What you are asked to do
Everything from the line with "Coast Guard Cross" to the end of the entries should be set down exactly, except the pictures.
(Supplied data Opens)
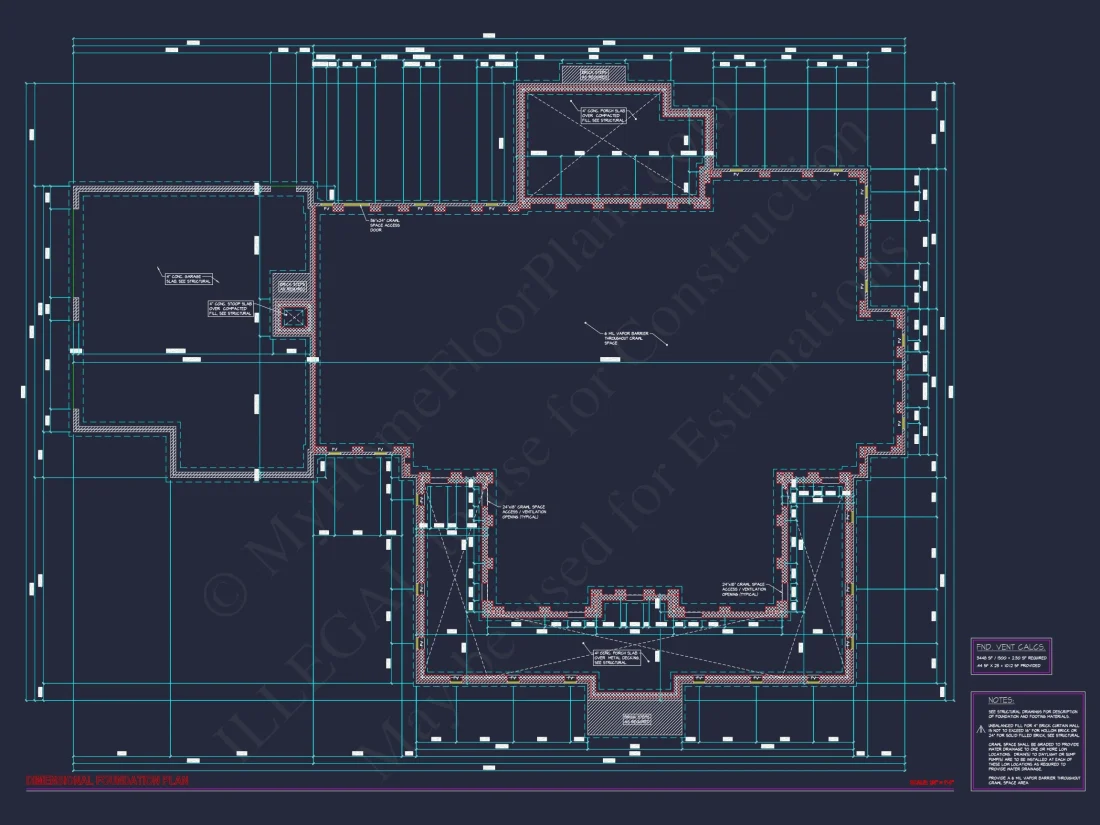 Colonial Farmhouse CAD house Floor Plan with Traditional Designs
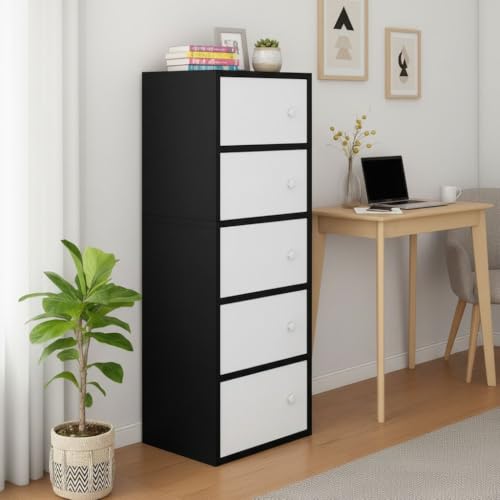 Image of 5-Door Morden Wooden Collapsible Wardrobe for Storage /Space Saving Wooden Wardrobe with Doors /Collpsible Storage Organiser /Living Room -Mapple (Black, 5 Layer)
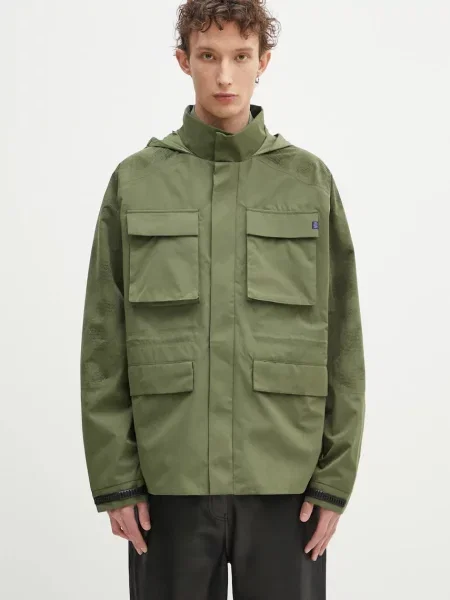Alpha Industries geaca Laser Cut Field Coat de tranzitie oversize verde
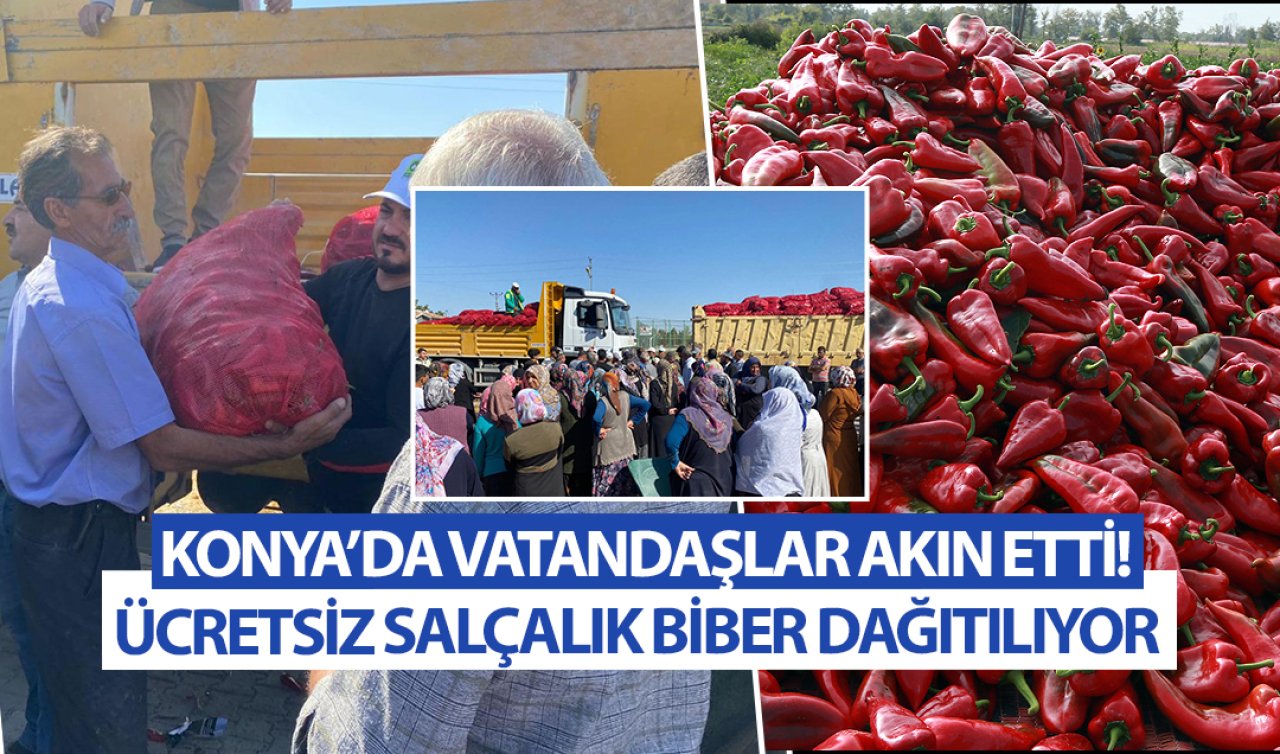 Konya’da çuvallarla bedava salçalık biber dağıtılıyor!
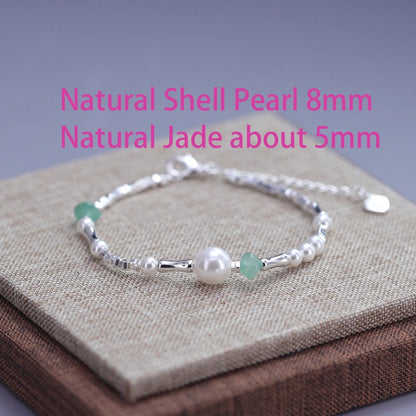 Luckacco VENTFILLE 925 Sterling Silver 6mm Shell Pearl Glass Bead Star Bracelet For Women Gift Crushed Silver Jewelry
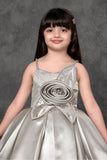 Silver Frock With 3D Rose Detail For Girls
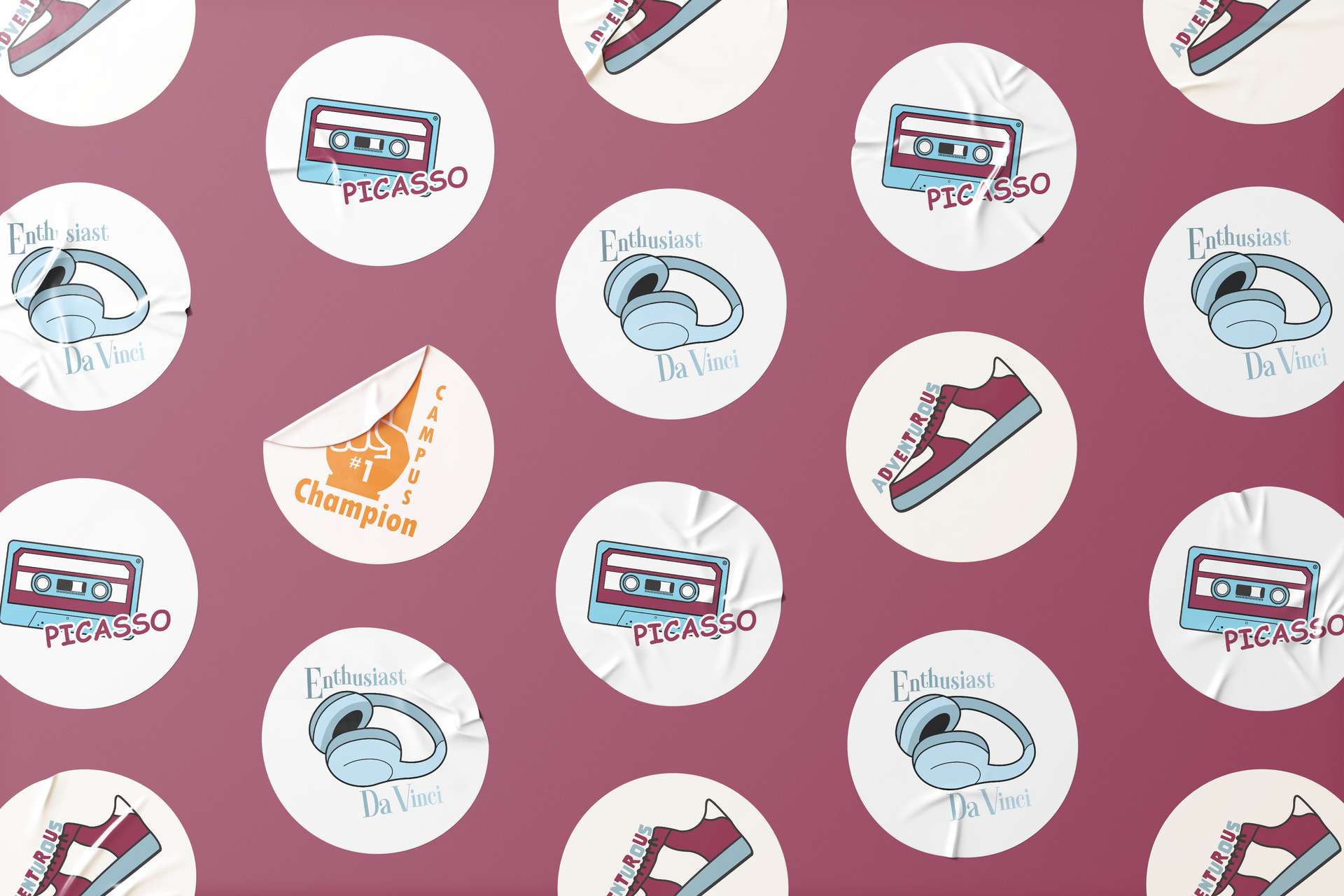Pink background with repeating circular logos and illustrated product icons in white badges
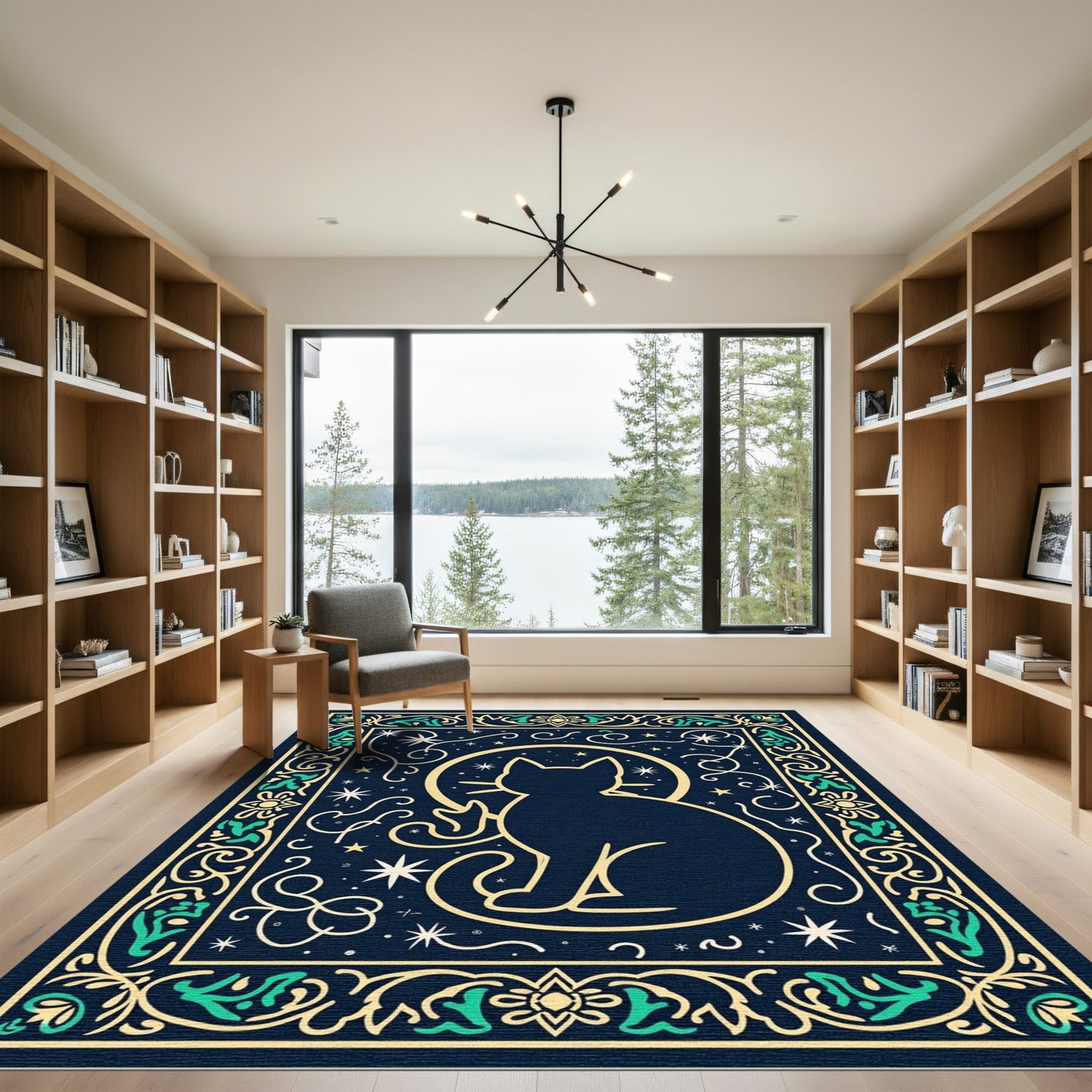 Midnight Celestial Cat With Whimsical Border Rug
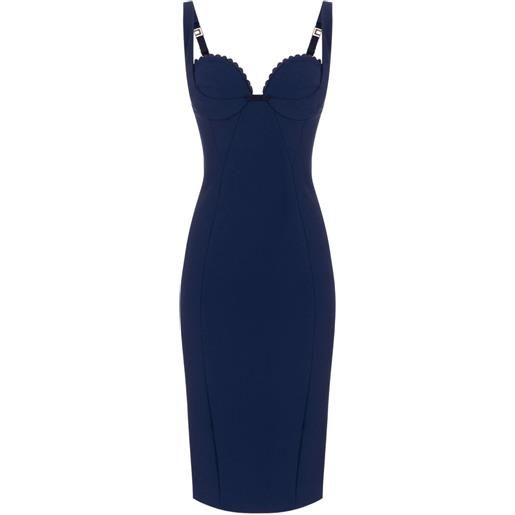 Elisabetta Franchi abito elasticizzato in crêpe - blu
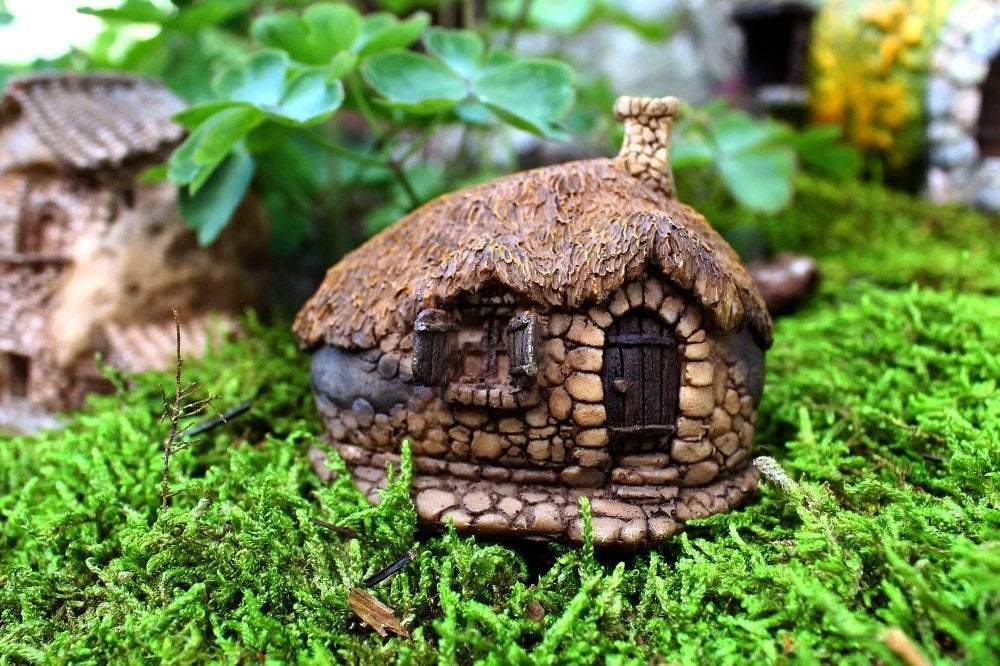Thatched Roof Fairy House, Fairy Home, Miniature Cottage - Mini Fairy Garden World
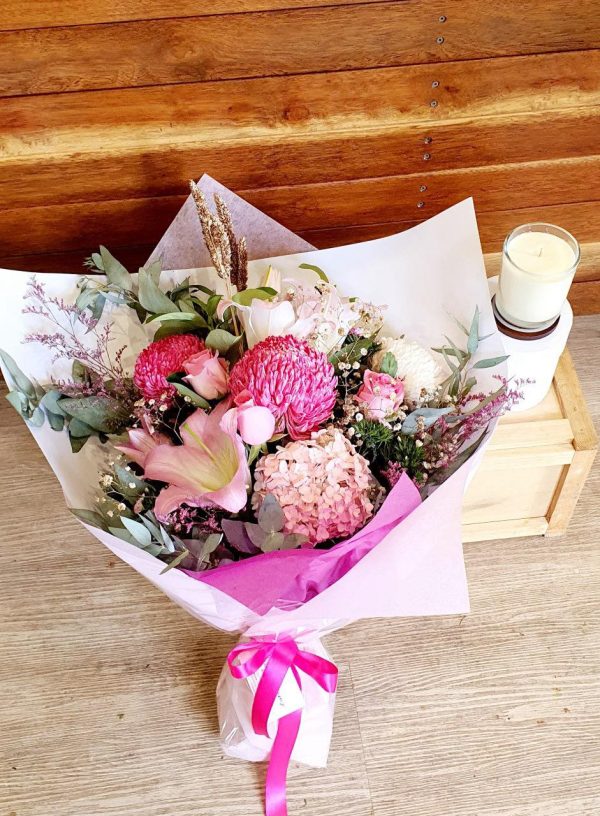 Seasonal Pink beauty bouquet with Candle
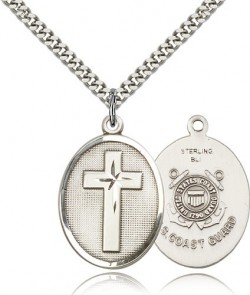 Coast Guard Cross Pendant, Sterling Silver [BL4844]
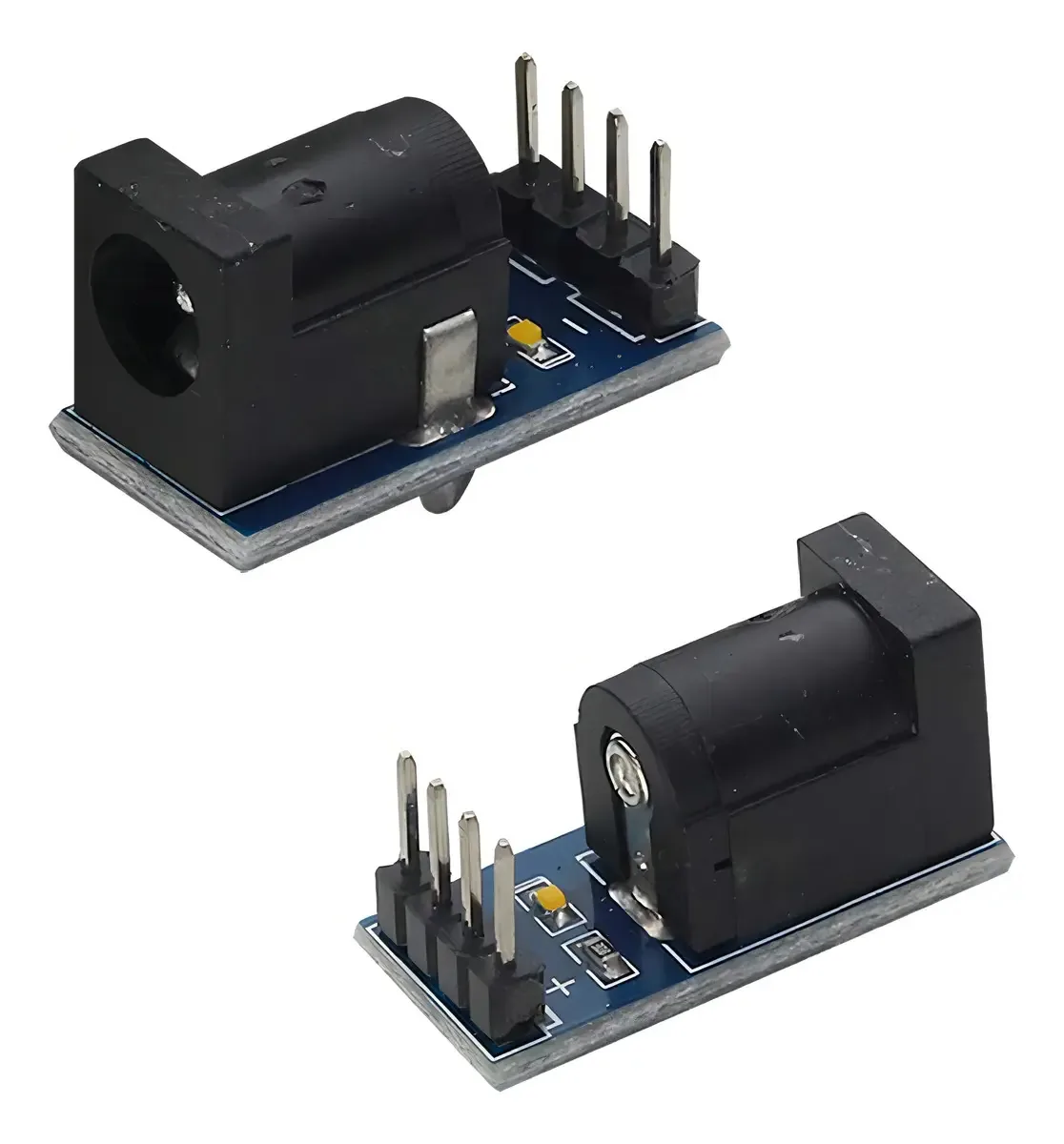 Conector Jack P4 Fêmea 2.1mm Preto Para Projetos Eletrônicos Arduino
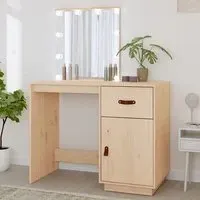 Panas Pinewood Dressing Table with LED Lights - Natural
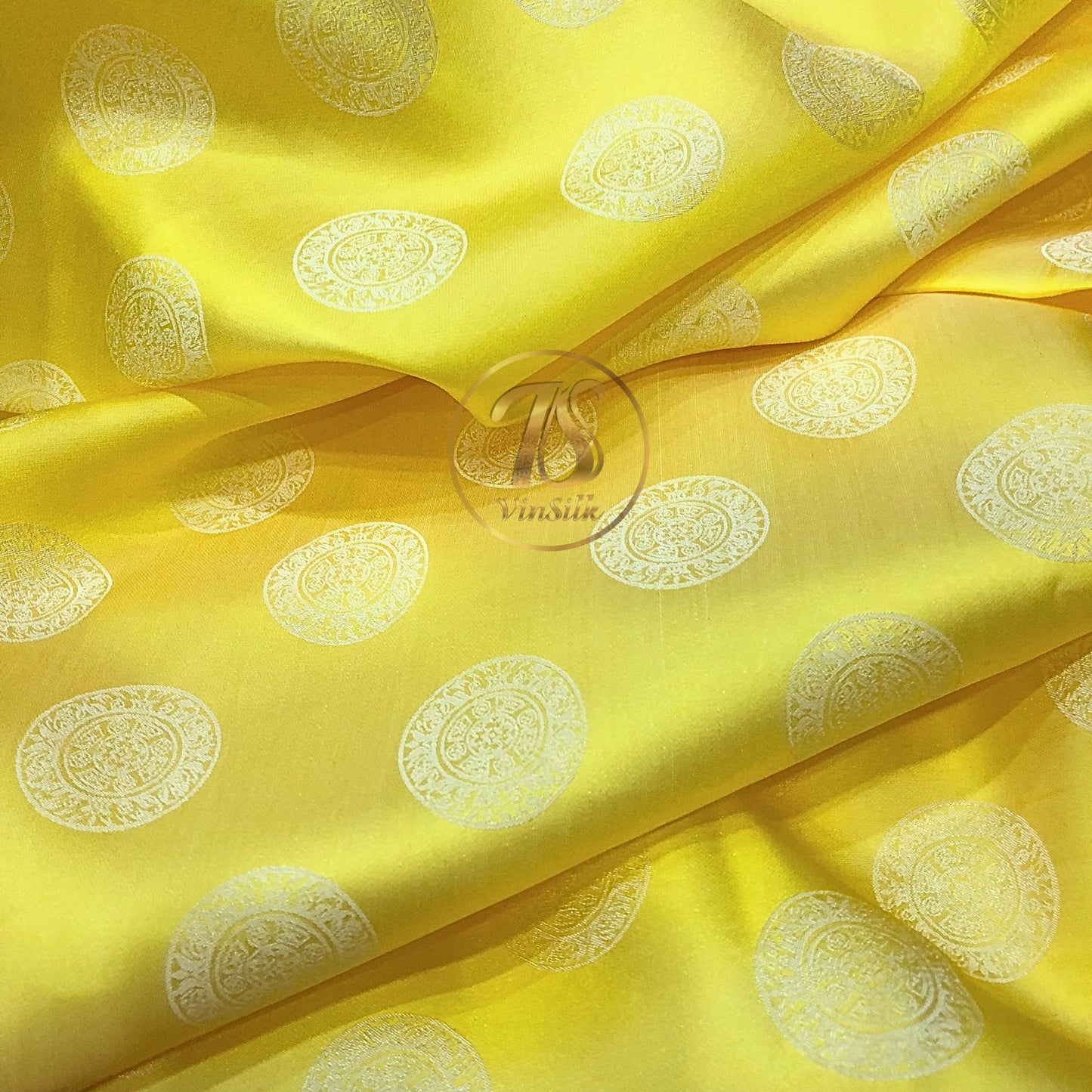 Yellow white silk fabric with mulberry Bronze drum pattern, Pure mulberry silk, Handmade fabric, Organic fiber, Vintage textile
(Supplied data Closes)
Response for this exercise
 Coast Guard Cross Pendant, Sterling Silver [BL4844]
 Conector Jack P4 Fêmea 2.1mm Preto Para Projetos Eletrônicos Arduino
 Panas Pinewood Dressing Table with LED Lights - Natural
 Yellow white silk fabric with mulberry Bronze drum pattern, Pure mulberry silk, Handmade fabric, Organic fiber, Vintage textile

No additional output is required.